• Directions: Where a line of the data below has the string "Certified", copy that line.

• Data excerpts:
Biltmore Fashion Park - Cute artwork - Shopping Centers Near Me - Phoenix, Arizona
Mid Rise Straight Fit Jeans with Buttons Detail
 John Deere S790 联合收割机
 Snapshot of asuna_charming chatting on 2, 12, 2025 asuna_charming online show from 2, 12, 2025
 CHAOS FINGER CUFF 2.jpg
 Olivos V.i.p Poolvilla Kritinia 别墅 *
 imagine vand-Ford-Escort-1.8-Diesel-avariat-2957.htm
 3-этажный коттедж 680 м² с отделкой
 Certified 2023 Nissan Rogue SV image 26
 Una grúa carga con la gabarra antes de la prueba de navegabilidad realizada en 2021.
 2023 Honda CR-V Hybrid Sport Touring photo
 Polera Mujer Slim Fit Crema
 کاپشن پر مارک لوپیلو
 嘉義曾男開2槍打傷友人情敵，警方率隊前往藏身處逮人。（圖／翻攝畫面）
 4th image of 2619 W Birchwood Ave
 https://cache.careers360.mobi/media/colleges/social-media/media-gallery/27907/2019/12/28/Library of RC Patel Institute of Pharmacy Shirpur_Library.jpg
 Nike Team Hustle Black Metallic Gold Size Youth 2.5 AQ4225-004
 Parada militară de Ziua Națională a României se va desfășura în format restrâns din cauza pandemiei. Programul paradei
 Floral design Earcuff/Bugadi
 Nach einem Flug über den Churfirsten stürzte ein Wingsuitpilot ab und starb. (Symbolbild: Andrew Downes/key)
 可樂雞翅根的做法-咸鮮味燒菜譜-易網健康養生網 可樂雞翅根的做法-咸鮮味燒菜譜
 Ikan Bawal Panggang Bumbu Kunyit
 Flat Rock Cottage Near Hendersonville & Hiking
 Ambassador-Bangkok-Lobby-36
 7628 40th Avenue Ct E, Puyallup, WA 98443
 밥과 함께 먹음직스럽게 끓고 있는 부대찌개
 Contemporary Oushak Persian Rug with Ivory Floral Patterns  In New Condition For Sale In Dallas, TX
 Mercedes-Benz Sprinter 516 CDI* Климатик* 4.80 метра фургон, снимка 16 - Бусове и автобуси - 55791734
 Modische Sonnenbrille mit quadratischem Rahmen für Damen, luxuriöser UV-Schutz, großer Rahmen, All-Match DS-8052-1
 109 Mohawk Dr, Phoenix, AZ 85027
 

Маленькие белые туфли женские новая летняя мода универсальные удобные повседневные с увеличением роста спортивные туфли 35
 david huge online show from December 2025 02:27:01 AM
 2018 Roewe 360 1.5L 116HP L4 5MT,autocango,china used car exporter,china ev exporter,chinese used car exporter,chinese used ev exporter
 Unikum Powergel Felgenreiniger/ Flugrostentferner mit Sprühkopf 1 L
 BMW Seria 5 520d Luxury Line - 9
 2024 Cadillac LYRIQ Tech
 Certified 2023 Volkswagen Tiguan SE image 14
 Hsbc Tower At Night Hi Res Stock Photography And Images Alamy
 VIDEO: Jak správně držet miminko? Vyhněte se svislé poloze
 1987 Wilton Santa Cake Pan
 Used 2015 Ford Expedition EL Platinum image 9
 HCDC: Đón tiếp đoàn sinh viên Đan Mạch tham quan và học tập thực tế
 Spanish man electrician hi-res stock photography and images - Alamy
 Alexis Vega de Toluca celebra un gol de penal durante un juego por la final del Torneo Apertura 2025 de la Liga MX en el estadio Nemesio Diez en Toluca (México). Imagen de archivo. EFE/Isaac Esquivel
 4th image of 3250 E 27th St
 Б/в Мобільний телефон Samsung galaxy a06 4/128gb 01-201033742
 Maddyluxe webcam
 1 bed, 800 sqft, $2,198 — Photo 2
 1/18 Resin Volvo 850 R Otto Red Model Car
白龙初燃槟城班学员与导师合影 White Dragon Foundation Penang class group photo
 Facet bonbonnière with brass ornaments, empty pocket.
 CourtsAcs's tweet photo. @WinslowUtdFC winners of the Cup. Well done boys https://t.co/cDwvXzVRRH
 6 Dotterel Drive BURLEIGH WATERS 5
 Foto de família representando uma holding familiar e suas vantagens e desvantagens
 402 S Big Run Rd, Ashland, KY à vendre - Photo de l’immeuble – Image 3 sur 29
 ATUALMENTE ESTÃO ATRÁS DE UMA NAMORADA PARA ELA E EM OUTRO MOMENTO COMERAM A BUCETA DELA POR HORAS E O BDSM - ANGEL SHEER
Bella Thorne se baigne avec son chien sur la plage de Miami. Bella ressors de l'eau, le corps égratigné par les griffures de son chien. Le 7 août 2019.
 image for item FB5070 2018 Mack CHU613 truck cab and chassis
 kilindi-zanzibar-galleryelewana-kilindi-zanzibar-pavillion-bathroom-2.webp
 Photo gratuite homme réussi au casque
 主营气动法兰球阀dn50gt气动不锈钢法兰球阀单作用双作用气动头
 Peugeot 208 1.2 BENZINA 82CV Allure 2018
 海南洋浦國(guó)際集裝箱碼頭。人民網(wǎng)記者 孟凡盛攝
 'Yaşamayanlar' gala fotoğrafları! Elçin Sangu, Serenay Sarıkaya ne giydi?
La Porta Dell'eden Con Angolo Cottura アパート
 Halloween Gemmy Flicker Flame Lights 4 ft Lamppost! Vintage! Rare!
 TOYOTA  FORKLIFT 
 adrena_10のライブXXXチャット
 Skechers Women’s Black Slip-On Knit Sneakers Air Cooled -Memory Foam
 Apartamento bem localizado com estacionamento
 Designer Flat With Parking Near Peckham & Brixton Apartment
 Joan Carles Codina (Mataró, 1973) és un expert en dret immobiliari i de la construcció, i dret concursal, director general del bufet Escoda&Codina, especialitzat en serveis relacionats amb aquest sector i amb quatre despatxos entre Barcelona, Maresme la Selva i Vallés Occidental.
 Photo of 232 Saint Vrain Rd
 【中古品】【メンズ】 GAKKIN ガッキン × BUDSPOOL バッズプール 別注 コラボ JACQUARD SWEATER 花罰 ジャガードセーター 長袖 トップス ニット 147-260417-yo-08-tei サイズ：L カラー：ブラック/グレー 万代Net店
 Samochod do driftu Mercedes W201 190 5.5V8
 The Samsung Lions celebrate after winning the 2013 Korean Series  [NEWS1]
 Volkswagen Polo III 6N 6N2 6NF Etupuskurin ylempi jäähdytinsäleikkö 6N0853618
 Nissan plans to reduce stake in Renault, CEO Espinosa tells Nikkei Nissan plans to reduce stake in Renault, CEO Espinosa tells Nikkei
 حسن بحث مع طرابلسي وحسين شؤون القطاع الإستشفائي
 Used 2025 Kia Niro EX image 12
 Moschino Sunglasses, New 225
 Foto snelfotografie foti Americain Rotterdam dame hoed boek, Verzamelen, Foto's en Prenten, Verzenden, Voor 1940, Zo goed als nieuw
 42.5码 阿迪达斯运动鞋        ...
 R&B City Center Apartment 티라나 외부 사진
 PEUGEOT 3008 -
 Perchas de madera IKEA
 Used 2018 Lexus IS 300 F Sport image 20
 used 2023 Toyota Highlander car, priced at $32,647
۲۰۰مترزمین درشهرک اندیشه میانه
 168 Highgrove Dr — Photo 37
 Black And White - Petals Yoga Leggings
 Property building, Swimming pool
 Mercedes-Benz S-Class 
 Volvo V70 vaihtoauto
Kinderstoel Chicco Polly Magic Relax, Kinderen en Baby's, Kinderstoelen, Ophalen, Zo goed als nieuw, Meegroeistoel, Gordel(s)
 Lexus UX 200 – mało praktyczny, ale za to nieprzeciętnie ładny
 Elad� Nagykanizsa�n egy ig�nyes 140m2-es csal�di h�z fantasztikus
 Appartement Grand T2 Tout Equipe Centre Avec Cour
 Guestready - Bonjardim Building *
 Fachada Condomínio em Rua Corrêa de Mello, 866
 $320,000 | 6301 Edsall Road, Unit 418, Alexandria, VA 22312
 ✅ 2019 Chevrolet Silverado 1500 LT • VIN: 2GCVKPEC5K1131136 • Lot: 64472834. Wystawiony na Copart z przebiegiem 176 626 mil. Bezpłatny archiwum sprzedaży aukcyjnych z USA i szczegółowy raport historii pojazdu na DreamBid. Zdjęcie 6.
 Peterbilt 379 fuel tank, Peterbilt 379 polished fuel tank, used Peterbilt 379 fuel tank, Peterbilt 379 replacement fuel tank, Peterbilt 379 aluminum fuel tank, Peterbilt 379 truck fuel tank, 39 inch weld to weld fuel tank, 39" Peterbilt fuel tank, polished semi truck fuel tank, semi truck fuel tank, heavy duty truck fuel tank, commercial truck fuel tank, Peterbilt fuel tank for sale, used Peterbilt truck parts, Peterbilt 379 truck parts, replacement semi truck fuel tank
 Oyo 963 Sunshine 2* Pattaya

• Answer for this exercise:
 Certified 2023 Nissan Rogue SV image 26
 Certified 2023 Volkswagen Tiguan SE image 14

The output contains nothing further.